Required action | Please give the lines below again exactly as they stand, from the one that contains "Pembe houndstooth desen — Stok Vektör" up to and including the one that contains "How To Fix An", leaving all pictures out.

===== Provided entries =====

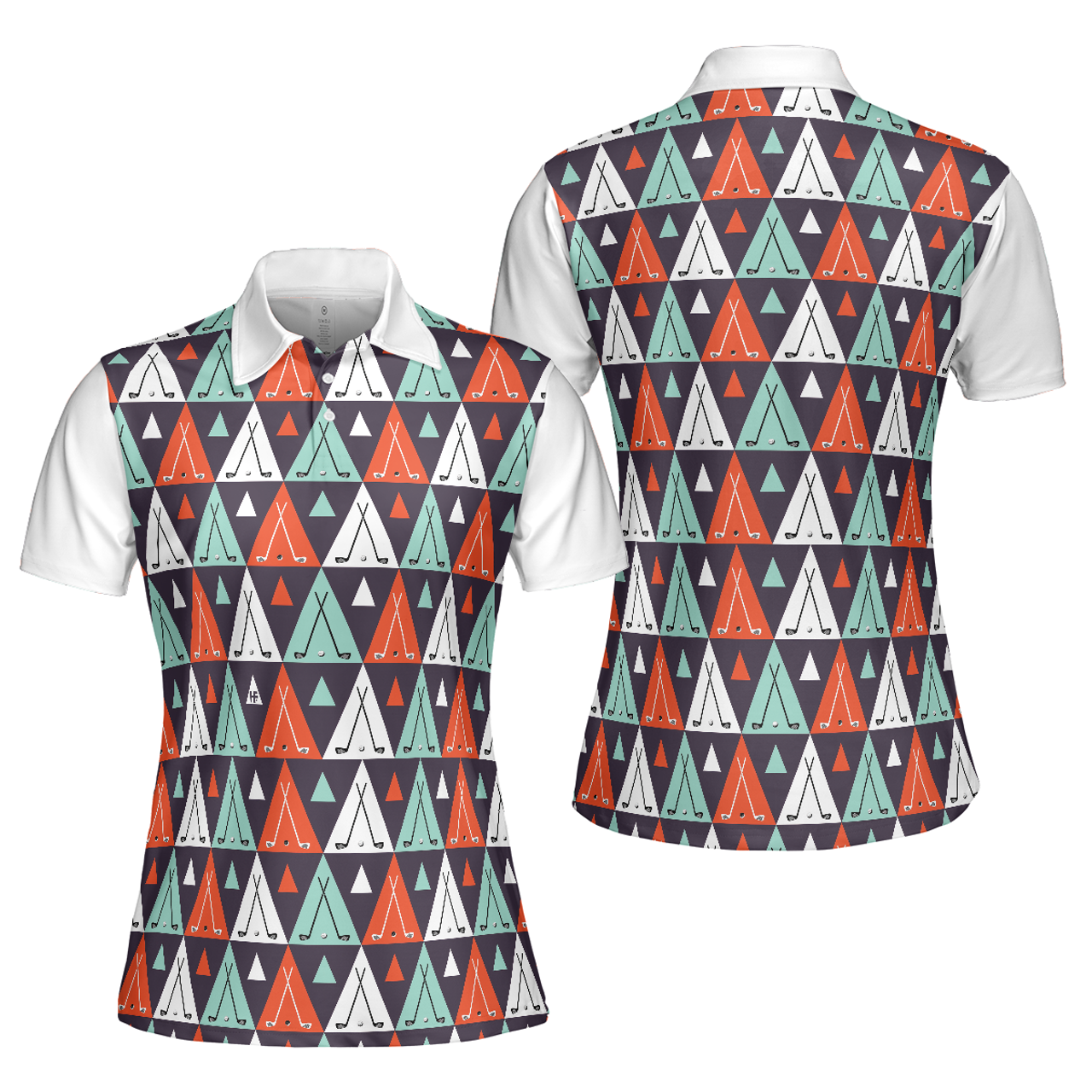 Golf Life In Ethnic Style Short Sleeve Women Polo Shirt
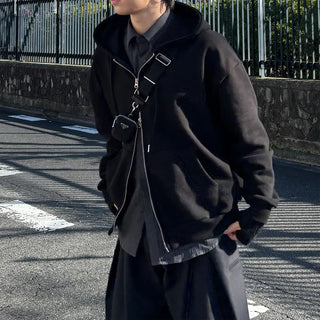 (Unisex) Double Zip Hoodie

=====
===== Provided entries =====

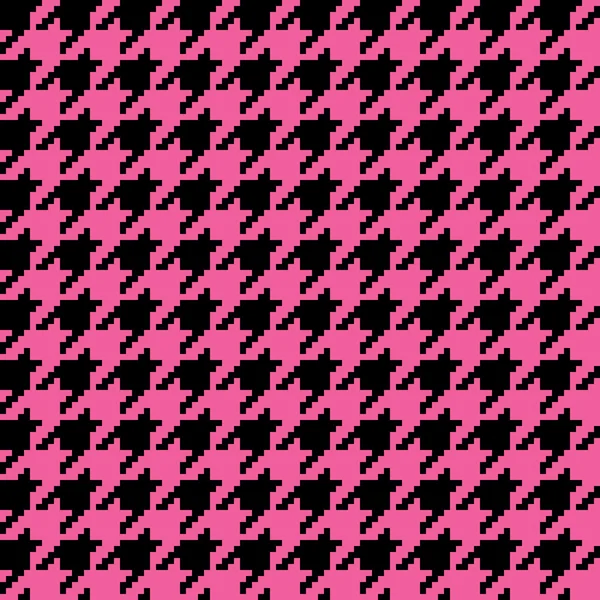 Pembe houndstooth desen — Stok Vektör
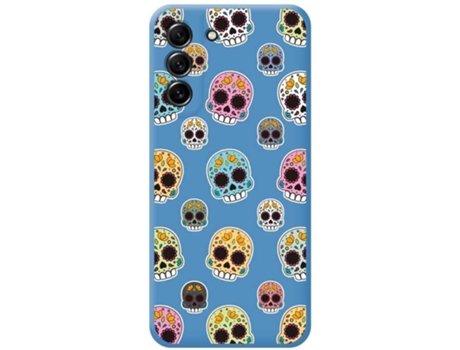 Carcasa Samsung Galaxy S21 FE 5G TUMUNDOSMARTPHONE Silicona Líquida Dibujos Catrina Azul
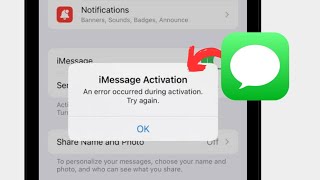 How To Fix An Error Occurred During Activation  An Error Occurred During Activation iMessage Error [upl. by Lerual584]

=====
===== Provided entries =====

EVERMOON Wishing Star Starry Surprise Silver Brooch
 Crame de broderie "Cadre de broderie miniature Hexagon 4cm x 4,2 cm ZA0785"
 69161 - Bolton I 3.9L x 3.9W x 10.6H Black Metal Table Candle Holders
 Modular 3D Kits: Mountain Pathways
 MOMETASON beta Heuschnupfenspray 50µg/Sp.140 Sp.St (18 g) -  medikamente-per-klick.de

=====

Task result |
 Pembe houndstooth desen — Stok Vektör
 Carcasa Samsung Galaxy S21 FE 5G TUMUNDOSMARTPHONE Silicona Líquida Dibujos Catrina Azul
 How To Fix An Error Occurred During Activation  An Error Occurred During Activation iMessage Error [upl. by Lerual584]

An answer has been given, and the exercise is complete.